On a lanky, man-shaped landmass just off the western coast of Florida, sandwiched between the massive Gulf of Mexico and Little Sarasota Bay, chaos reigns beside the wine-dark sea.

I was sitting beside the plaza of a five-story condo complex, right near some small docks protruding out into the bay, studying a sign above the brackish water pleading, emphatically, for people not to kill the local manatees.  I was sipping whiskey, absently wondering what manatee tasted like—if it would be, y’know, worth it—when I heard my name and turned around, and saw my dad there, calling.
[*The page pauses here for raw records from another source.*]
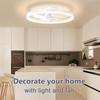 IRALAN Modern Ceiling Fan LED Light Easy To Install Ultra-thin Acrylic Shell Infinitely Dimming Lighting Household Decoration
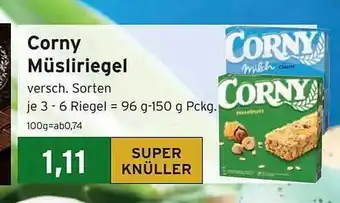 CAP Markt Cory Müsliriegel Angebot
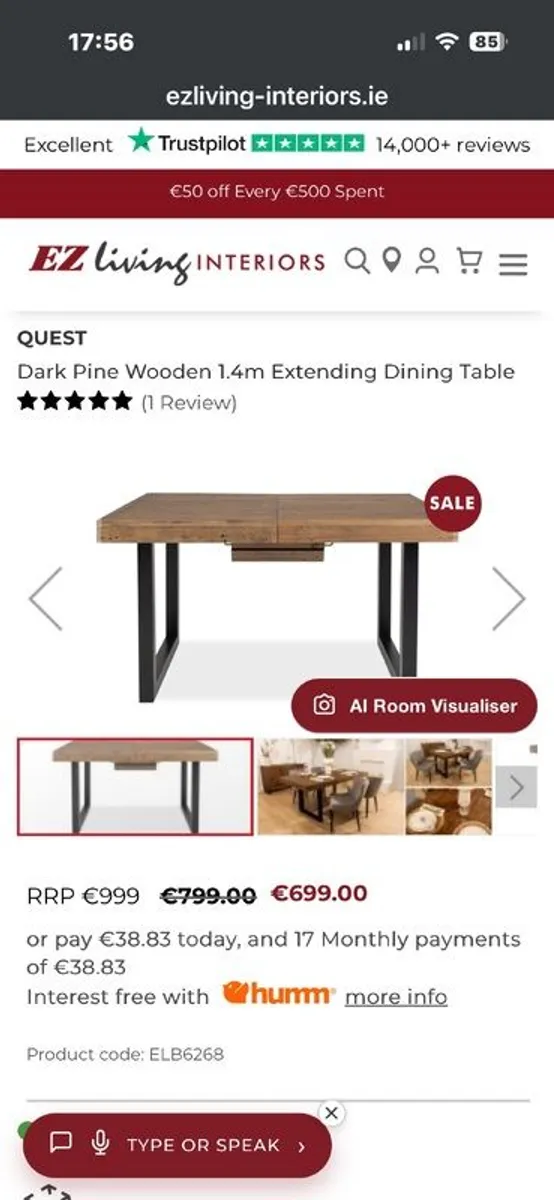 Dining Room Table Brand New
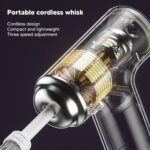 ⁦Mixeur Électrique Sans Fil Portable 3 Vitesses – خلاط يدوي كهربائي لاسلكي⁩ - الصورة ⁦4⁩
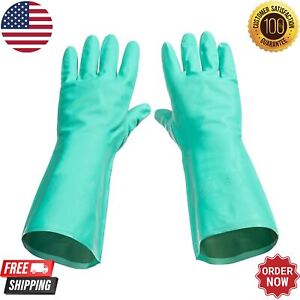 Tusko Products Best Nitrile Rubber Cleaning, Household, Dishwashing Gloves XL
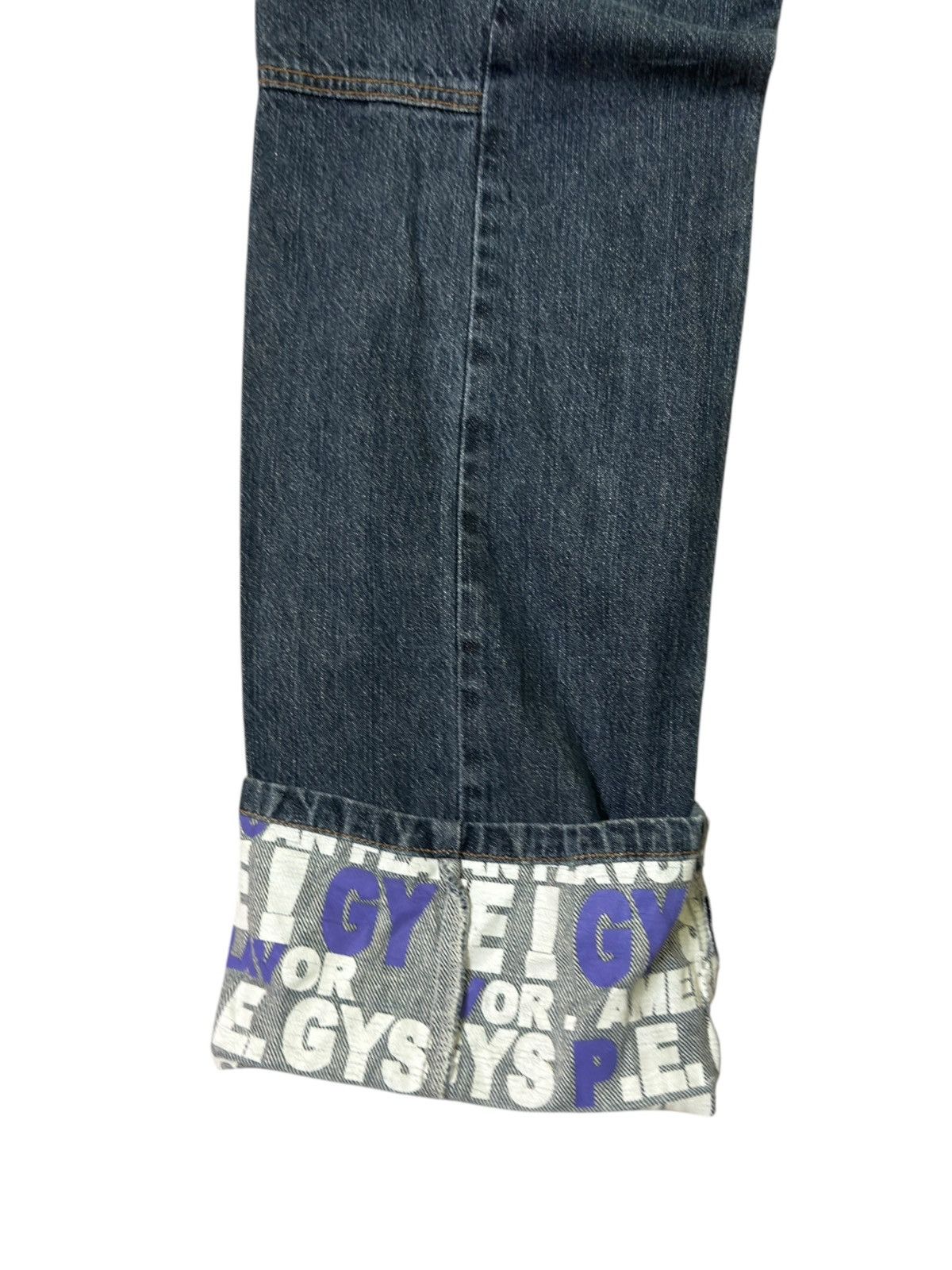 Hysteric Glamour × Japanese Brand × Seditionaries DOUBLE WAIST TARTAN PLAID UNIQUE GRAPHIC DENIM PANTS Size US 27 - 13 Thumbnail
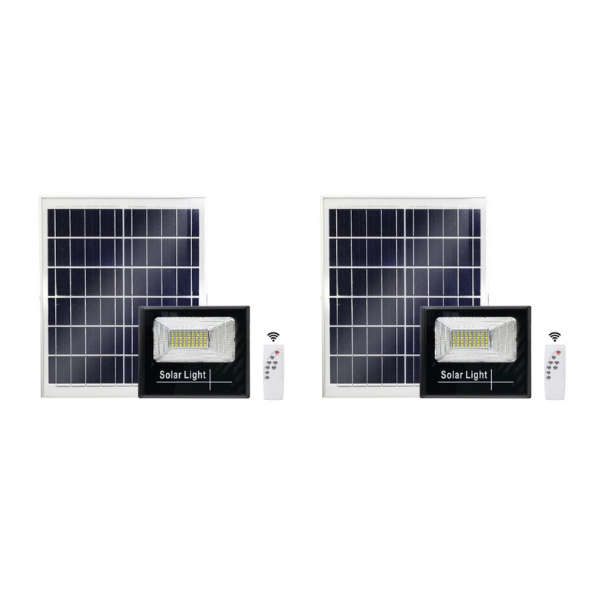 ** Pack of 2** Solar 1200W LED Flood Light with remote control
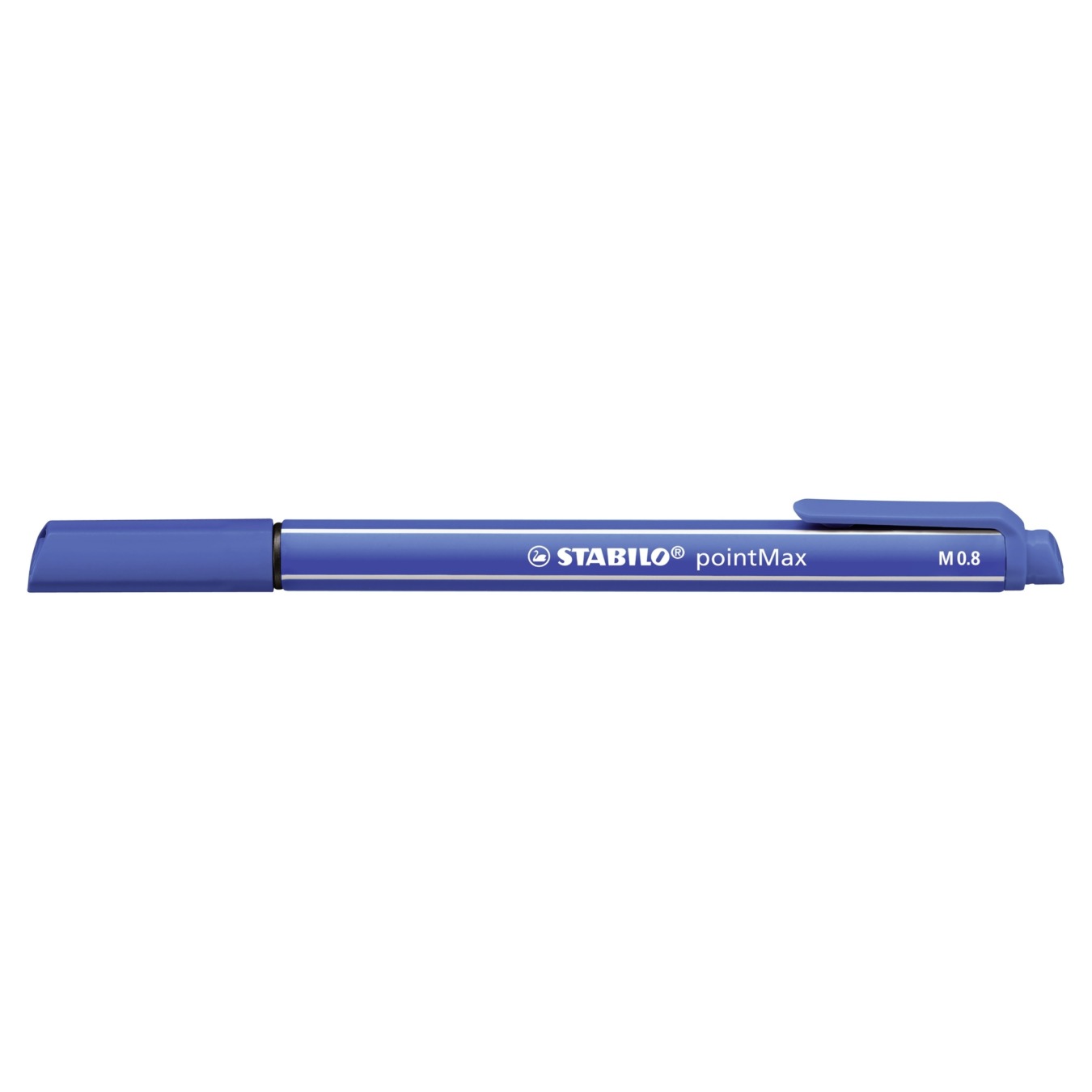 STABILO pointMax 0.8 dünner Filzstift Einzelstift Blau
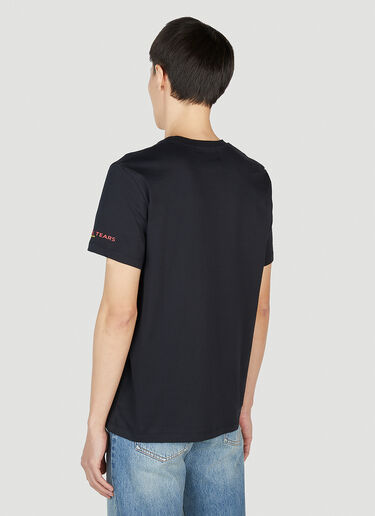 Raf Simons x Fred Perry Printed Sleeve T-Shirt Black rsf0152009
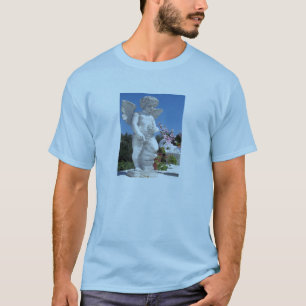 T-shirt Statue Angel En Bleu Clair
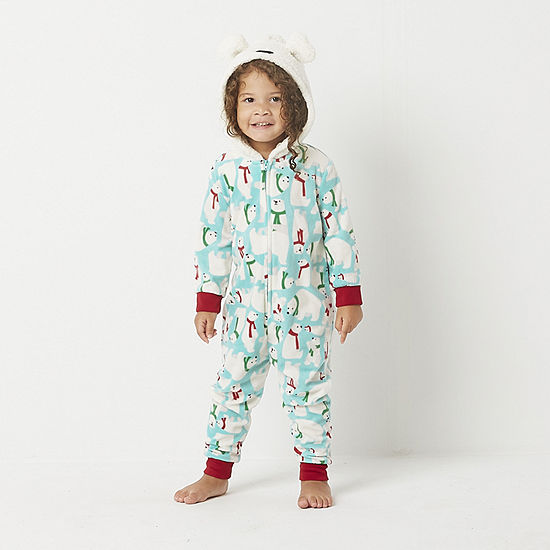 North Pole Trading Co. Toddler Unisex Long Sleeve One Piece Pajama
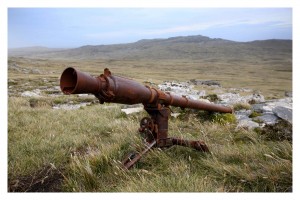 Monte London, uno de los lugares de combate en la Guerra de 1982.
Islas Malvinas.
Mauro Rizzi / La Nación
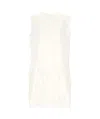 Issey Miyake Sleeveless Dress In White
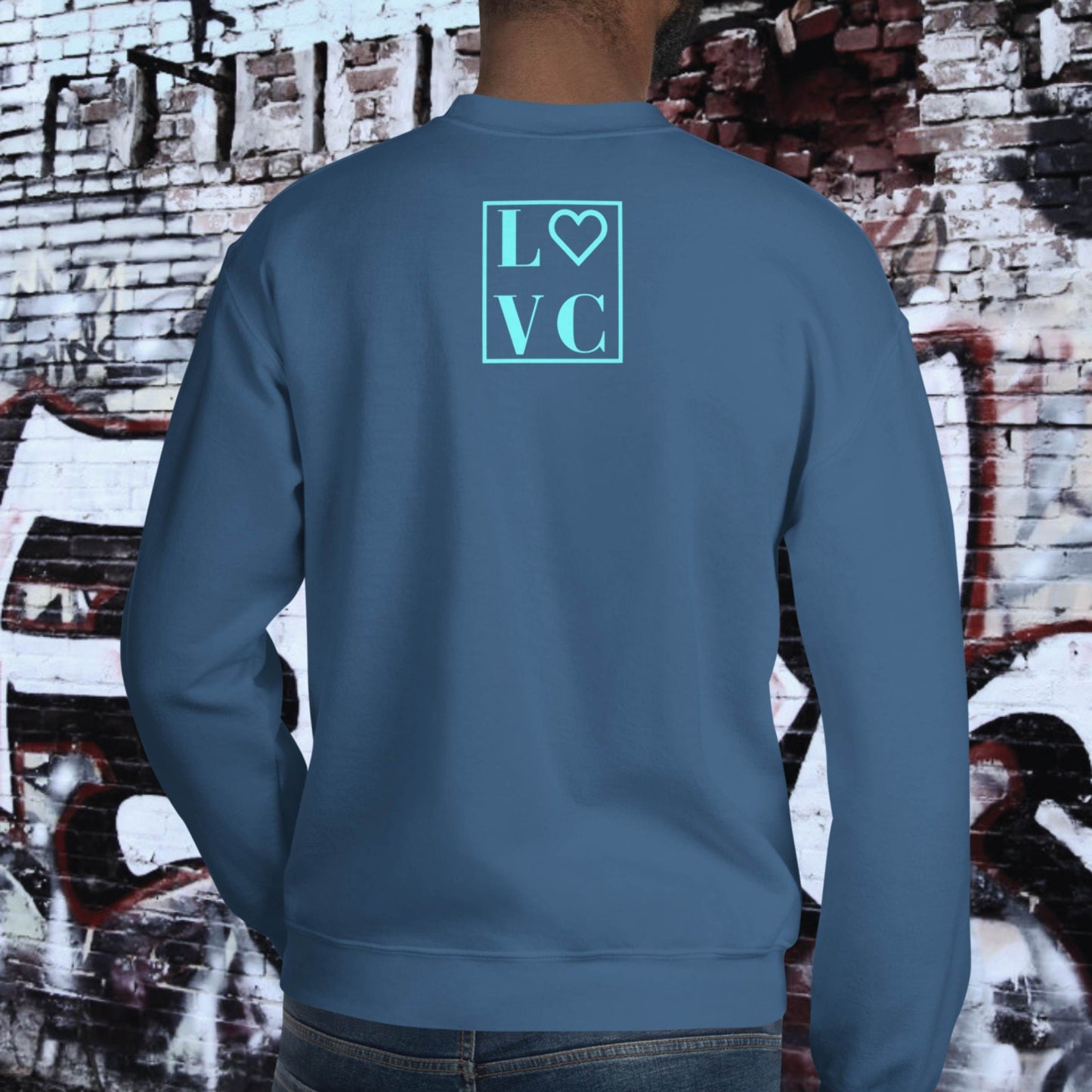 SUDADERA GRUESA HOMBRE LOGO BACK CUADRADO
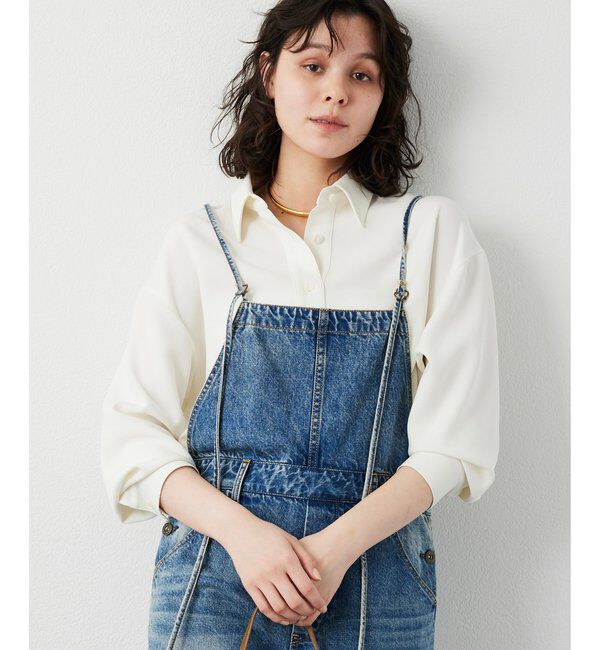  「《人気再販アイテム》DENIM ALL IN ONE２」|ワンピース|
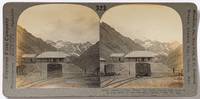[Stereoview]: Station From Which the Train Climbs 5000 Feet in a Few Miles to the Summit, Juncal, Chile, So. Am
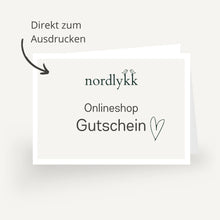 Laden Sie das Bild in den Galerie-Viewer, Geschenkgutschein Onlineshop
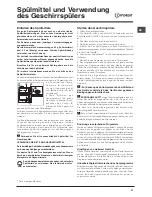 Preview for 27 page of Indesit DISR 57M94 Operating Instructions Manual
“Sarah, come here. You’ve got to take a look at this.”

party-never-stops-sbWe walked back over to the building, one of the six housing structures composing this community, and he led me inside of the ground floor trash room—the chamber to which all garbage chutes of this particular tower connected. Before I could wonder what we were here for, he threw up the lid of a random bin, and it rattled immediately with the incriminating clink-ah-clink of so, so many empties. Wine, brandy, beer, liter bottles drained of every drop… and this was every one of those bins! I remember saying, “Jesus Christ!” And then I caught myself. No need to jump to conclusions. It was Tuesday afternoon. “Do you know when they come take the trash?”

“Yeah,” Dad nodded, smile widening. “They said Monday.”

A couple years ago, I took a trip that changed my life—or, at least, my outlook on it. I’ve had a few of those; I know how to recognize them. They usually tend toward keeping the bleakness away, so long as they don’t involve a stay in jail—but only a few really end up feeling like I have a message to spread around by the end of it. This is one of those.

My dad and I had come alone to coastal Sarasota two days before for a somber occasion—namely the impending death of his sister from a decade-long duel with cancer. At last, after ten long years and a million varieties of disease, it was looking like nature had finally figured out a way to take her down. Goodbyes were implied—never spoken. Tragic as it was, this was a last hurrah—one last gathering at Grammy’s house to spit in death’s eye, drink wine, and proclaim in common cause that, dammit, we were not afraid.

This was not my trip in any way, and I left all ego in the truck back home. For a good week’s time, I would be spending every waking moment in the state of strange consciousness one gets with the awareness that they are not, against usual judgment, the main character of life.

It goes without saying that at times like this, liquor helps.

Considering my reputation, my father and I were both openly conscious of how unwelcome the behavior of a boorish drunk drawing the wrong kinds of attention might be this week. Moderation was planned, abstinence considered. Take it from someone who’s been that girl—sometimes the only way to win is not to play. This was on my mind the entire journey. I was ready to be good. But as I’d soon discover, in this regard at least, we really had nothing to worry about at all.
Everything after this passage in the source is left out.